MADRID / Aimard, Stefanovich y el aire de otros planetas
Madrid. Museo Nacional Centro de Arte Sofía. Auditorio 400. 15-IV-2024. Pierre-Laurent Aimard, piano. Tamara Stefanovich, piano. Obras de Ravel, Nicolau, Enescu, Knussen, Birtwistle y Messiaen.
Al igual que la soprano que canta el Cuarteto nº2 de Arnold Schoenberg respira “aire de otros planetas” la sensación tras el largo –y bien respetado por el público– apagamiento de la resonancia de los dos pianos tras la interpretación de Visions de l’amen (1943), de Olivier Messiaen (1908-1992), fue la del viaje a otra dimensión. Una obra como esta, aun temprana en el catálogo del francés, encierra un mundo armónico propio que sigue asombrando cada vez que se le presta la debida atención. Se podrá decir que Messiaen ya es un clásico, como Ligeti, y lo es. Lo son. Pero no es este un adjetivo que les haga honrada justicia. Esta es música que sigue sonando nueva, que continúa conectándonos con el ahora, por más que las Visiones vayan camino del siglo de historia.

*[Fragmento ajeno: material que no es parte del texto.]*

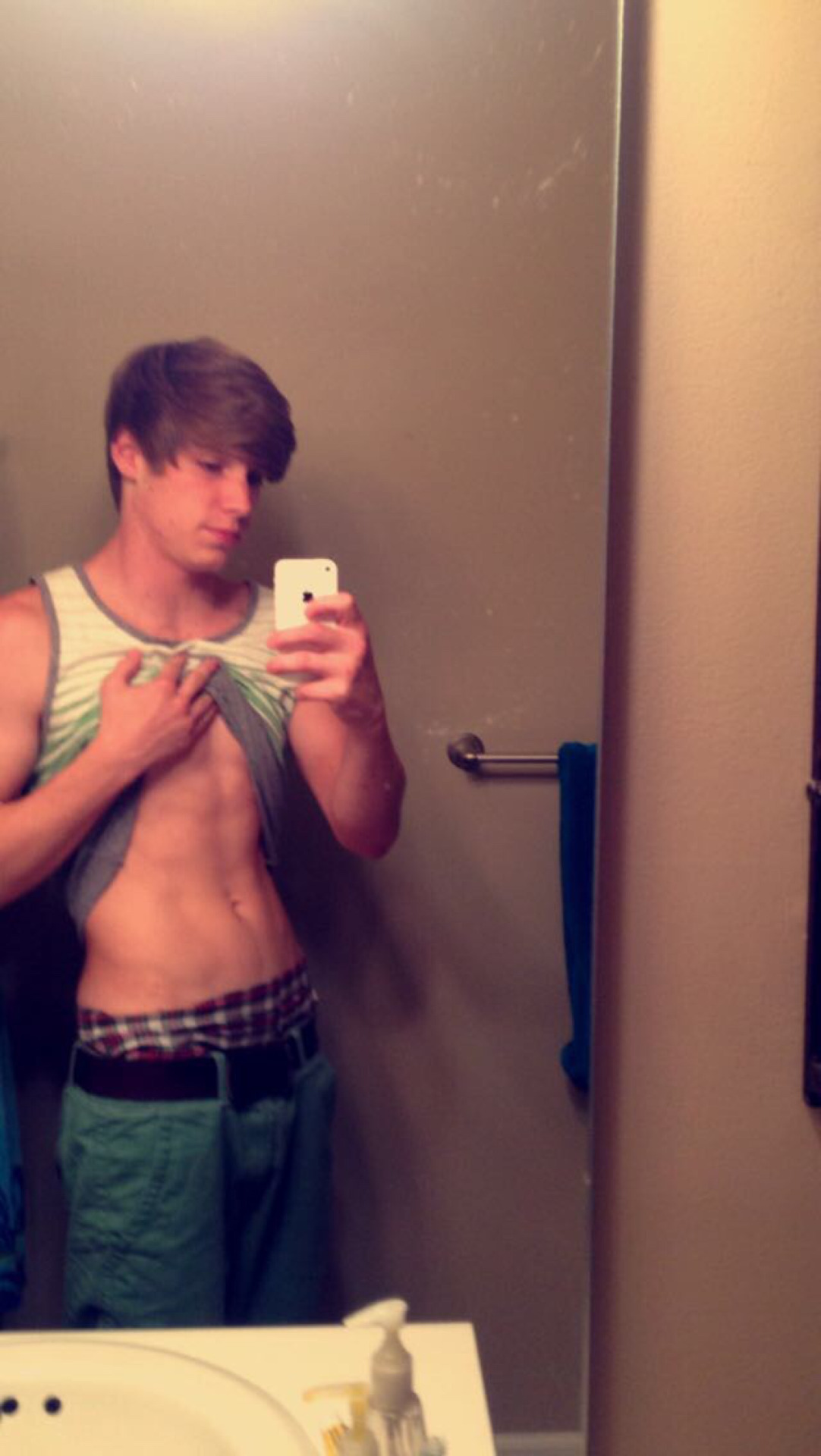 Sexy Twink Selfie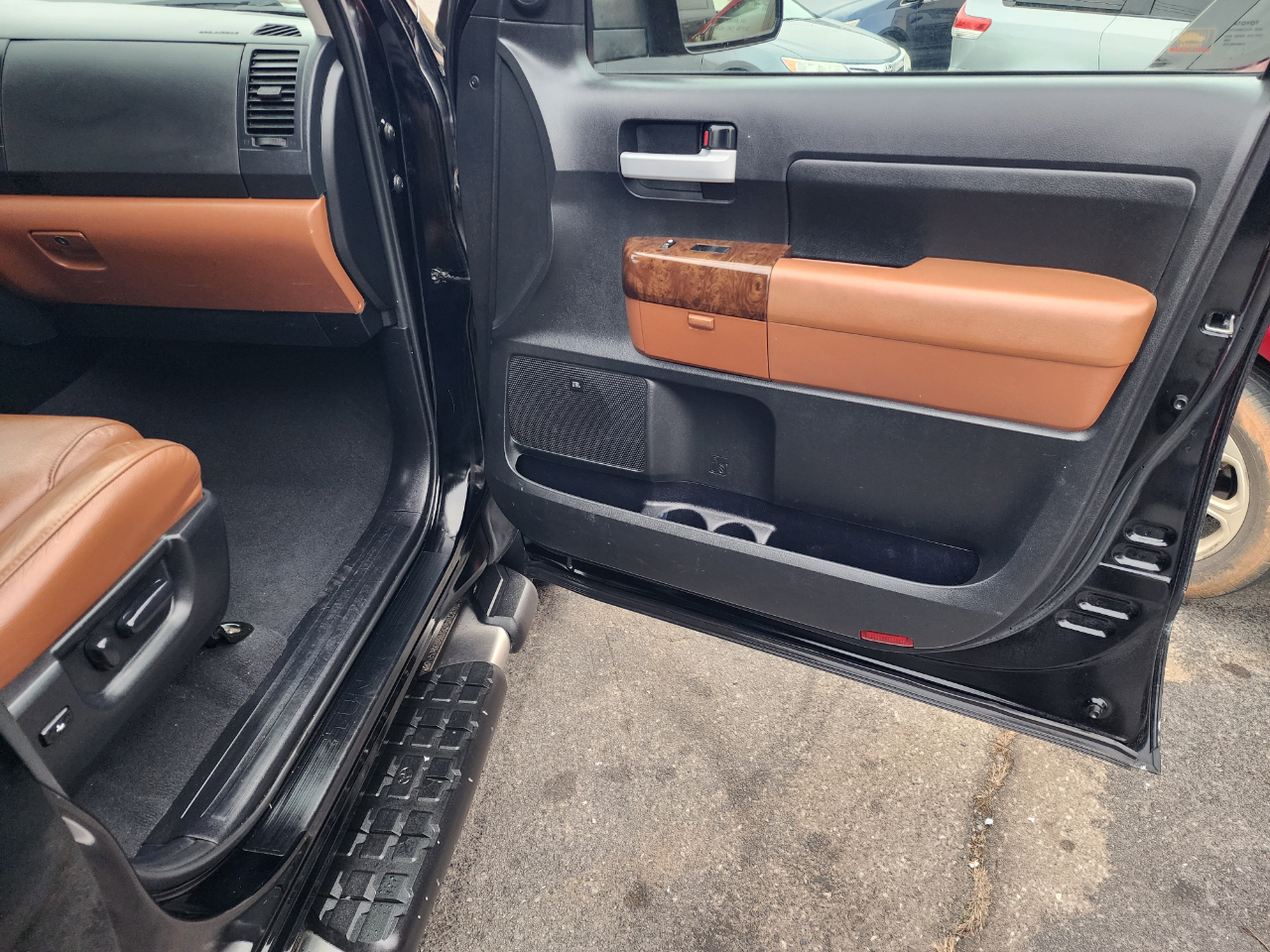 Toyota Tundra Limited 5.7L Double Cab 4WD 2013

Tamara Stefanovich y Pierre-Laurent Aimard llevan muchos escenarios recorridos con esta partitura, habiéndola fijado en disco (Pentatone) tras corroborar un abrumador dominio de esta. Se podrán preferir obras ulteriores del catálogo del compositor, pero las Visions de l’amen son, entiéndase, una Turangalila comprimida en dos pianos desbordados. Por su virtuosismo, por contar tantas cosas, por la insistencia en temas y en variaciones, por los colores, por los pasajes atronadores; cabrían una o dos orquestas en cada piano. Así parecieron entenderlo ambos solistas; su versión en el ciclo Series 20/21 del Centro Nacional de Difusión Musical no tuvo nada de introspección. Porque tampoco es algo que esté en las líneas místicas y reafirmadoras que llenan los siete capítulos del ciclo.
Si algo precisa esta música es claridad. Y de ella hubo en las texturas y en un control endiablado del pedal. También teatralidad, en los unísonos, en las cascadas de notas; otra dosis de sensualidad; la cosmogonía católica de Messiaen nunca estuvo exenta de ella. Aimard y Stefanovich intercambian papeles habitualmente y ambos demostraron conocer las tripas de una creación a la que no hurtaron, ni un segundo, sus rebosamientos emocionales, ya fuera en un pasaje melódico bien coloreado con rubato por Aimard (Amen du désir) que podría haber firmado el mismísimo Gershwin, ya en la épica libre de inhibiciones con la que construyeron el final (Amen de la consommation).
Lo que se ofreció en la primera parte no fue calentamiento, aunque la memoria empequeñecerá el recuerdo oído lo que vino después. Comenzaron con un Ravel un punto parco de enjundia cromática (Entre cloches, de Sites auriculaires), Stefanovich mostró uno de los Estudios de Vassos Nicolau (el 4º), tan ligetiano y tan soso a la vez. Mucho mejor el ceremonial Carillon nocturne de la Suite para piano nº3, op.18 de George Enescu que Aimard se llevó a su terreno, afilado y resonante. Olvidable la pieza Prayer bell sketch, op. 29 de Oliver Knussen. Concluyeron con una amplia página de Harrison Birtwistle, Keyboard engine, del año 2017, en la que algunas crípticas estructuras conformadas desde los dos teclados parecían arrimar al inglés a sus colegas de la nueva complejidad. Le alejaban sin embargo de lo enteramente severo una tendencia propulsora que los dos músicos supieron aprehender bien, sabiendo que estaban ante una brillante página de pura abstracción habilidosa.